Learning from physics research to tackle big data
Scientists at CERN are using big-data techniques to process 15 petabytes of information a year to piece together what our universe is made of.
Companies are increasingly collecting amounts of digital information that are so large as to be unwieldy. It's no surprise that finding a way to securely store, categorize and recall this information efficiently is a huge advantage for any enterprise or organization.
The growth of information has introduced an entirely new category of software in thearena, which includes a variety of databases, processing engines, and applications. The main objective of all of these tools is to make data more malleable and consumable so that it can be used in an easier way.
This week, CERN, the European Organization for Nuclear Research announced a relationship with software integrity provider Coverity to upkeep ROOT, a custom-built data analysis framework that processes and makes available the 15 petabytes of information that are generated each year from experiments using CERN's Large Hadron Collider--dubbed the largest scientific instrument ever built.
The information stored in ROOT helps CERN's 10,000 physicists piece together what our universe is made of and how it works by studying what happens when. Every second, scientists at CERN oversee 600 million of these particle collisions, which generate enough data to fill up 15,000 standard disk drives.

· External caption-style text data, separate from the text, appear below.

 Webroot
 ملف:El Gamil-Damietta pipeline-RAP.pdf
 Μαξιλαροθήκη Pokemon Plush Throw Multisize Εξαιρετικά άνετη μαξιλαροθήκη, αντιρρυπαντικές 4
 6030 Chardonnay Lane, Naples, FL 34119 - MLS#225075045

Usually, it takes years for cutting-edge research to trickle down into enterprise solutions and even longer for it to permeate a market--primarily due to the lack of resources familiar with the technology. However, with the explosion of data and companies competing to help enterprises tackle these mountains and silos of data, we should see more data analysis frameworks currently being used in academia and research take hold sooner than we have in the past.
The big question with academic projects is whether or not they can achieve a widespread adoption beyond researchers. There have been a number of research-based projects that have seen growth over the last few years, including the R free software environment for statistical computing and graphics, as well as the Globus Toolkit for grid computing and Eucalyptus for private clouds.